START SOURCE RECORDS
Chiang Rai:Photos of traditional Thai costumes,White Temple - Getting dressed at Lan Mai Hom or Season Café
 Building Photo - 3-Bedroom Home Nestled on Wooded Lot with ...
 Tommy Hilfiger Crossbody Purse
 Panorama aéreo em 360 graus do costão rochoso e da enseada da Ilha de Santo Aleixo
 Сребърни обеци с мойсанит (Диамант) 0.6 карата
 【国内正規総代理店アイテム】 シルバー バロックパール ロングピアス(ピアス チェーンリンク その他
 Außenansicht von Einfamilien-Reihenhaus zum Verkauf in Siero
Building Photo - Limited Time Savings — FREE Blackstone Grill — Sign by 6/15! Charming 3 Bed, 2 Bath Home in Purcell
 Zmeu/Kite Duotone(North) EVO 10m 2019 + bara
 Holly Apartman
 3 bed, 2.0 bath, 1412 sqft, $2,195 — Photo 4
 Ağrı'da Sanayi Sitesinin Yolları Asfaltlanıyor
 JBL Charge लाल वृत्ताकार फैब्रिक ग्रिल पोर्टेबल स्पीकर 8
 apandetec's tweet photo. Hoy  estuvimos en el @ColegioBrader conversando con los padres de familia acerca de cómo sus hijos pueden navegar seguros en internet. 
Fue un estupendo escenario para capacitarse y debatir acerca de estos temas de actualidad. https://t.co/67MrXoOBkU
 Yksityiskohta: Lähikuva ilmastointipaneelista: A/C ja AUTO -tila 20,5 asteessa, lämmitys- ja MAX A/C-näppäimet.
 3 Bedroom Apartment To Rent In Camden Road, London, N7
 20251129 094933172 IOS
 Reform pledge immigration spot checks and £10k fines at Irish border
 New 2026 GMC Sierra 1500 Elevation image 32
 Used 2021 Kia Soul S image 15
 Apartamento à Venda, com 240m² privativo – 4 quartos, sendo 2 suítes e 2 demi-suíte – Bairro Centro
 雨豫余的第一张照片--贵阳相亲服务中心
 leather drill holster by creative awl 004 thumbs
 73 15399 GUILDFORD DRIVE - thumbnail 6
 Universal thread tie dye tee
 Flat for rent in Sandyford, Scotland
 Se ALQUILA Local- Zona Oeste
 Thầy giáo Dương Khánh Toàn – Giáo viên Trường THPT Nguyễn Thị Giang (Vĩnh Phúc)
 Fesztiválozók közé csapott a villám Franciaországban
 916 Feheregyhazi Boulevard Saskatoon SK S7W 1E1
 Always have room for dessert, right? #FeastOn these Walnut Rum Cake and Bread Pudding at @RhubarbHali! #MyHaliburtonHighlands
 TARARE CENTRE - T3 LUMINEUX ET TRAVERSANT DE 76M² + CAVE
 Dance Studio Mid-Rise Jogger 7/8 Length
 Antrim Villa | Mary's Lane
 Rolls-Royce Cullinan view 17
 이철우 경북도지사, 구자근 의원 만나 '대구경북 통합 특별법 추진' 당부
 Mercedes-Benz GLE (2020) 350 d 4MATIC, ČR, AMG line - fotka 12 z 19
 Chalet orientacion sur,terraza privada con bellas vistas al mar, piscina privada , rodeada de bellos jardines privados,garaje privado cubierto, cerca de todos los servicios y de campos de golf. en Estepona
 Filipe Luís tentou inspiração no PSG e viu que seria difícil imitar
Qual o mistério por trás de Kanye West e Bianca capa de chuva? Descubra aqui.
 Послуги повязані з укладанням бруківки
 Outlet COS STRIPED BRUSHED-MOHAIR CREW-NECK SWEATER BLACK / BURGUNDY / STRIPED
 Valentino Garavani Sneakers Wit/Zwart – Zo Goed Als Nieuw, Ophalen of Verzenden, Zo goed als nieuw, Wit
END SOURCE RECORDS
[WORK REQUEST]: Transcribe the records above exactly, beginning at the line that contains "Außenansicht von Einfamilien-Reihenhaus" and ending with the line that contains "Fue un estupendo", both included, and nothing else.

[RESPONSE AREA]:
 Außenansicht von Einfamilien-Reihenhaus zum Verkauf in Siero
Building Photo - Limited Time Savings — FREE Blackstone Grill — Sign by 6/15! Charming 3 Bed, 2 Bath Home in Purcell
 Zmeu/Kite Duotone(North) EVO 10m 2019 + bara
 Holly Apartman
 3 bed, 2.0 bath, 1412 sqft, $2,195 — Photo 4
 Ağrı'da Sanayi Sitesinin Yolları Asfaltlanıyor
 JBL Charge लाल वृत्ताकार फैब्रिक ग्रिल पोर्टेबल स्पीकर 8
 apandetec's tweet photo. Hoy  estuvimos en el @ColegioBrader conversando con los padres de familia acerca de cómo sus hijos pueden navegar seguros en internet. 
Fue un estupendo escenario para capacitarse y debatir acerca de estos temas de actualidad. https://t.co/67MrXoOBkU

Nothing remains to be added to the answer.